§ **Exercise data**:
>>
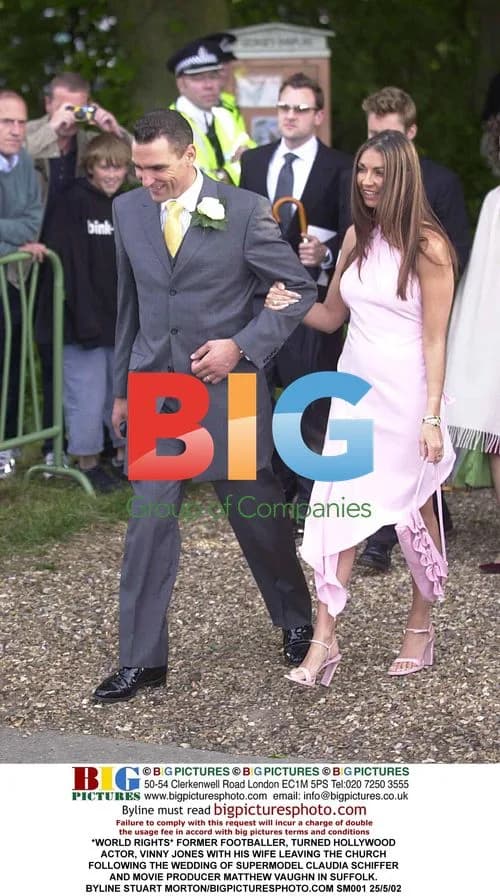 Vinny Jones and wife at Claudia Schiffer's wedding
<<
>>
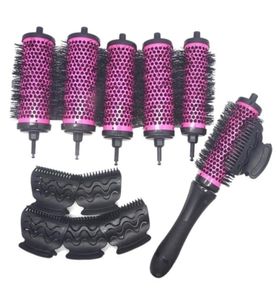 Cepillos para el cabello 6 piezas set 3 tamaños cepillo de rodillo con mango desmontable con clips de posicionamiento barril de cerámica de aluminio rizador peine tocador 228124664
<<
>>
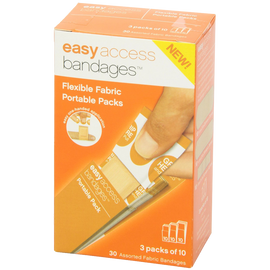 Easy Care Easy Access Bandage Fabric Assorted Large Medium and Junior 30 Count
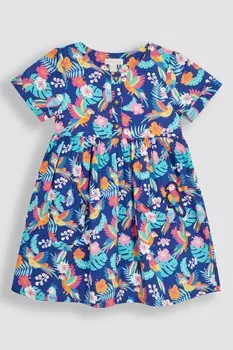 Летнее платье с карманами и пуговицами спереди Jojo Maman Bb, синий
<<
§ **Work request**: The material above holds pictures; leave them out. Repeat exactly the lines from the one containing "Easy Care Easy" through the one containing "Летнее платье с", and nothing else.

§ **Answer box**:
 Easy Care Easy Access Bandage Fabric Assorted Large Medium and Junior 30 Count
 Летнее платье с карманами и пуговицами спереди Jojo Maman Bb, синий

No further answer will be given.